If they have no rights, we can just shoot the ones that refuse to work. Strikes are for citizens, not slaves.
You try shhoting a non-cooperative steel door and see how much good it does you.
I wholeheartedly agree with Sua, this is a metter for legislatures to figure out.
If robots advance to a certain level of genuine intelligence, I can see the need for laws to be made to provide robots for certain legal protections, in the same way that laws are made to prohibit cruelty to pets. I would imagine that these laws probably ought to go further, for example, allowing a robot to be entrusted with a limited capacity to enter contracts if it is working as an agent of a human or a corporation.
However, for the foreseeable future, the very intent of building robots is that they serve humans in a particular capacity or another, and whether the robot is self-aware or not, that does not change the fact that they are built to do something for humans.
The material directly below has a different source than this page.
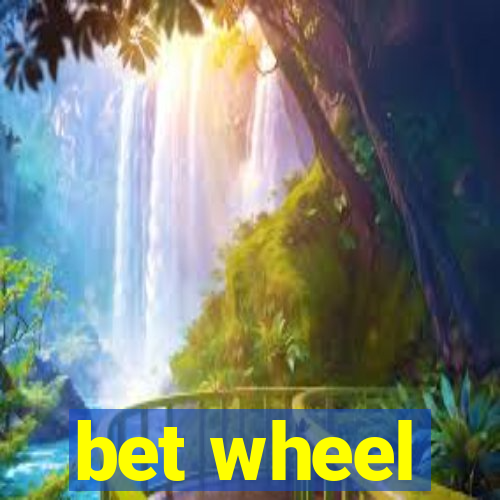 bet wheel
Yes, that makes them lower than humans.
My mind is open, but it seems like the most reasonable approach is for the law to treat robots in a unique manner.
So, does a robot become a robot at the minute its power supply is turned on, or must it leave the factory first?
Here’s a question (or poll): How long until someone proposes legislation to make it illegal to create sentient robots? Frankly, most of the human rights issues would be solved if we just kept robots as low-intellect automatons (a la Dune’s Butlerian Jihad).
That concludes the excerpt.